6 – Security measures
6.1 – Technical measures
- A Data Protection Officer (RPD or DPO, Data Protection Officer) is appointed
- System administrators are identified
- The persons authorized to process the processing are identified
- The processing and organizational / technical choices affecting personal data security involve the Data Protection Officer
- Vulnerability tests of information systems and network infrastructure are carried out and planned
- There is an IT emergency management procedure
- There is a Data-Breach management procedure.
7 – Exercise of the rights referred to in articles 13-25 of EC Reg. 679/2016
The EC Reg. 679/16, in articles 13 to 22, guarantees the interested party various rights including those to obtain the rectification of the data processed by ICS Technical and Services SRL a socio unico and the cancellation of the same or the blocking of the treatments.
The rights can be exercised by contacting the Data Protection Officer, reachable at the address: [email protected] and [email protected] indicating exactly the personal data affected by the request and the reason for the request for modification, updating, cancellation, blocking and portability.
The request must be addressed to ICS Technical and Services SRL a socio unico – Data Controller, at the registered office of the company together with an identity document of the applicant.
Within thirty days of receiving the request, ICS Technical and Services SRL a socio unico will communicate the acceptance of the request or its refusal (in the latter case, analytically motivating the reasons for the decision).

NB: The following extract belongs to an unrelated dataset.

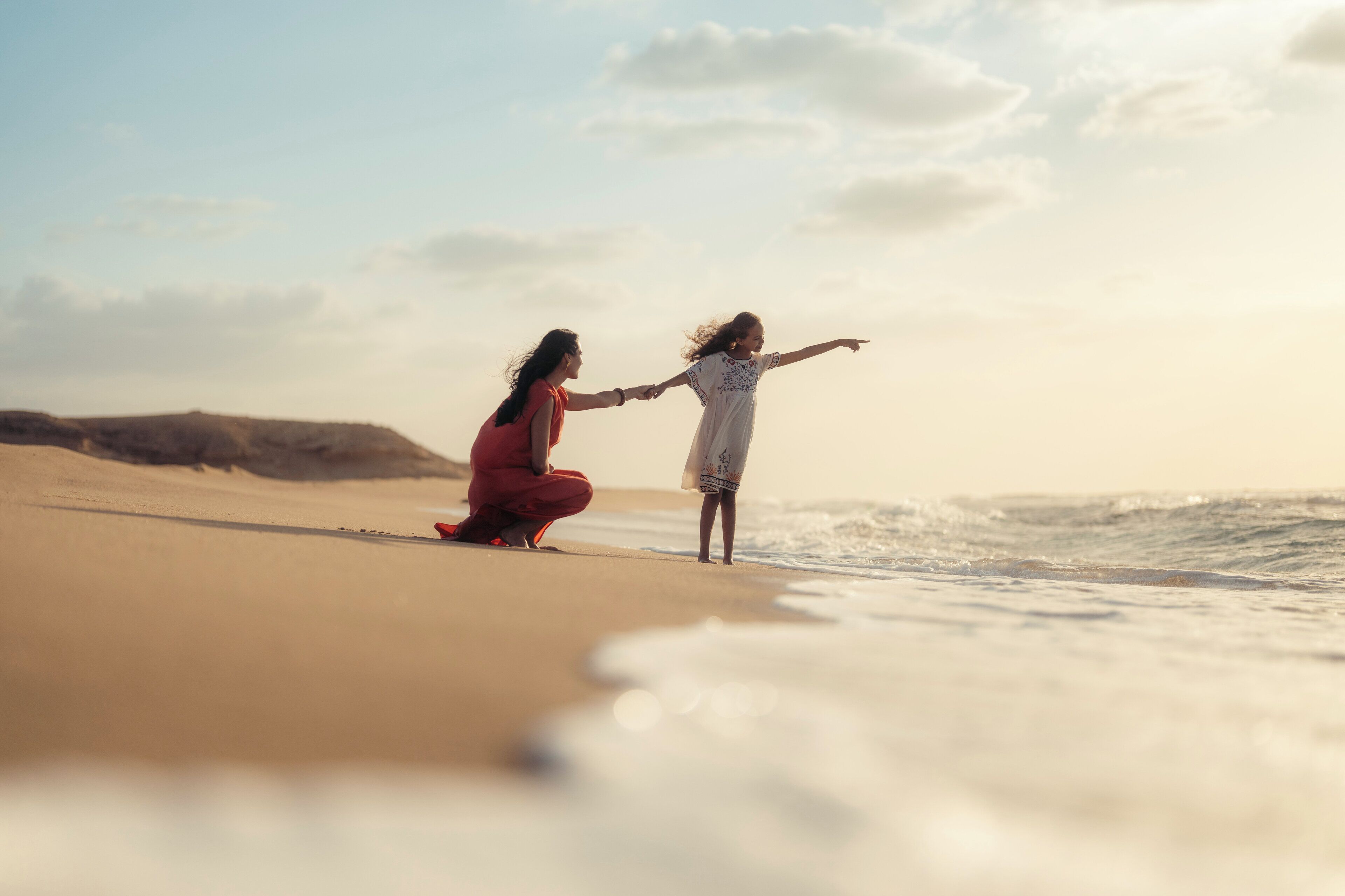 En privat strand, strandbarer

In case of exercise of the rights through delegates, the request must also contain a proxy with specific attribution of the power to request and receive the replies and a copy of the identity document of the delegate.
Within thirty days of receiving the request, ICS Technical and Services SRL a socio unico will communicate the acceptance of the request or its refusal (in the latter case, analytically motivating the reasons for the decision).
It is always possible to assert the rights guaranteed by the EC Reg. 679/2016 by contacting the Guarantor Authority for the protection of personal data or the ordinary Judicial Authority.
Attention: This communication is provided in compliance with the correctness of the existing contractual relationships and therefore relates exclusively to them. The dissemination of the communication or its contents and in any case any illegal use of it aimed at damaging the image of ICS Technical and Services or causing damage to it, will be prosecuted according to law.